On one side there is a push to re-open Thailand’s borders to re-start the beleaguered tourist industry. On the other hand Thai officials are try to keep Covid-19 contained and fear the re-opening of the borders. Even the suggestion to reduce the quarantine time from 14 to 7 days is not gaining support from health officials.

Now, a doctor from the Faculty of Medicine at Bangkok’s Chulalongkorn University says reducing the quarantine period for foreign tourists would be inviting disaster. Dr. Thira Woratanarat made his statement after a suggestion from the Tourism and Sports Minister that quarantine could be halved if all goes well when Thailand re-opens its borders to a limited number of foreign tourists.
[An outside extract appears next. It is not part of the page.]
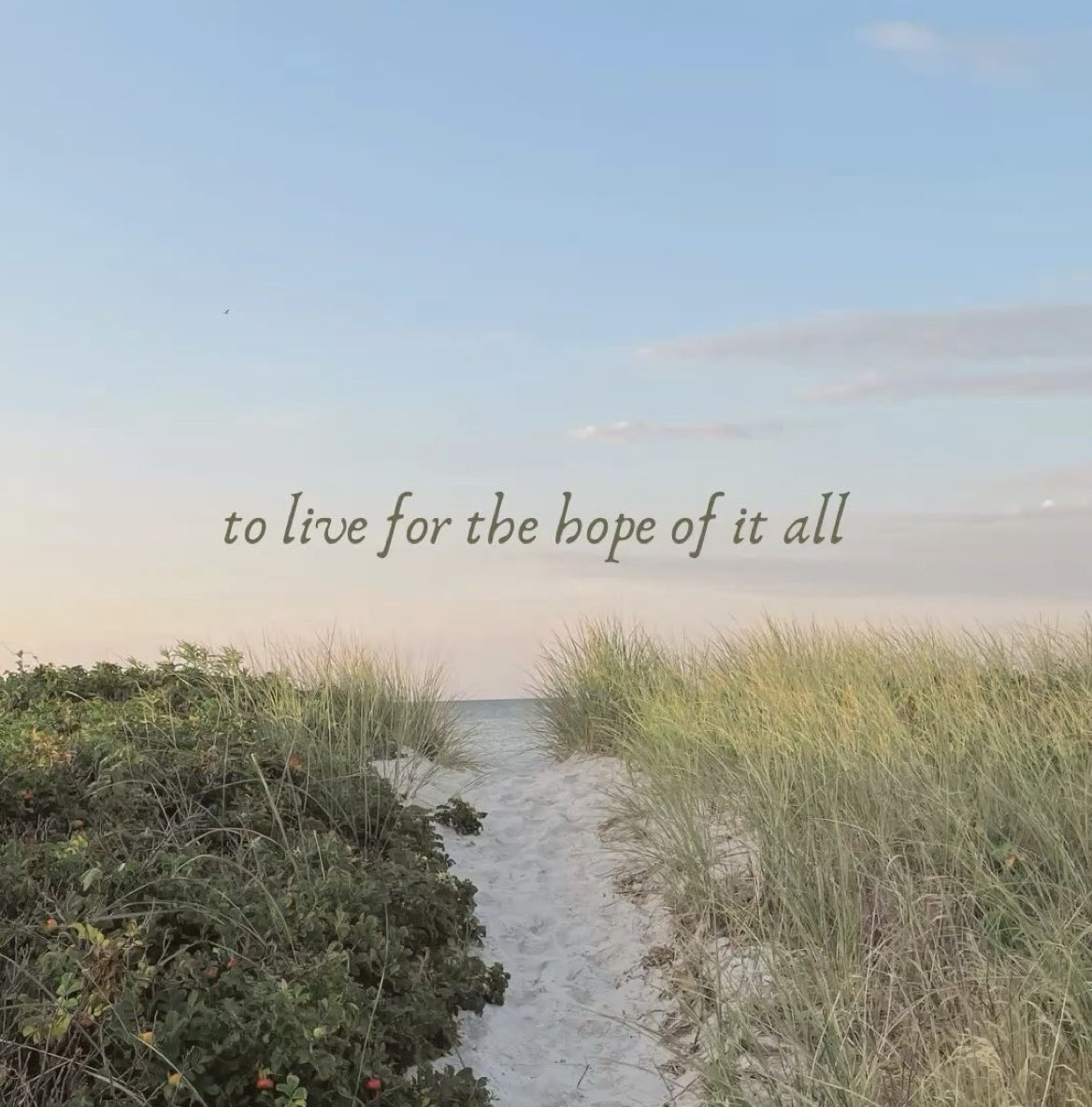 Hissah_Hs's tweet photo. To everyone still holding on to soft hopes, summer dreams, and living for the hope of it all.

- Happy August🫶🏻🤍! https://t.co/6CjrTqSFWQ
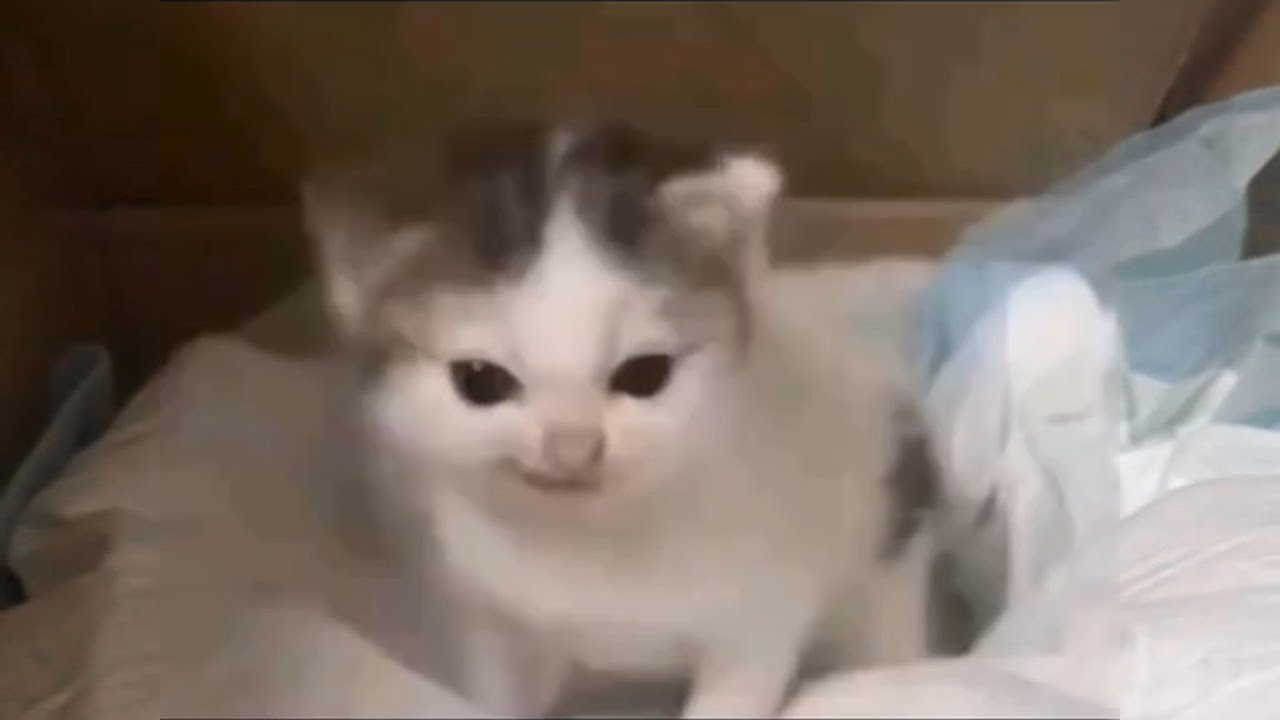 cat6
“In Thailand, if we decide to follow the proposal to reduce the quarantine time to 7 days, it would be an invitation to disaster.”

Thira points to a growing number of cases in many parts of the world, with around 350,000 new cases a day reported worldwide. The number of total deaths from the virus has now reached the 1 million mark.

For its part, the government says Minister Pipat Ratchakitprakarn’s proposal is not under consideration and that all foreign tourists will still be subject to mandatory 14 day quarantine. Officials say until the global pandemic situation improves, current restrictions remain in place.

A plan is underway to allow a limited number of foreign tourists to return to the Kingdom under a Special Tourist Visa scheme. The visa is due to be approved today when PM Prayut Chan-o-cha chairs a meeting of the government’s Covid-19 task force.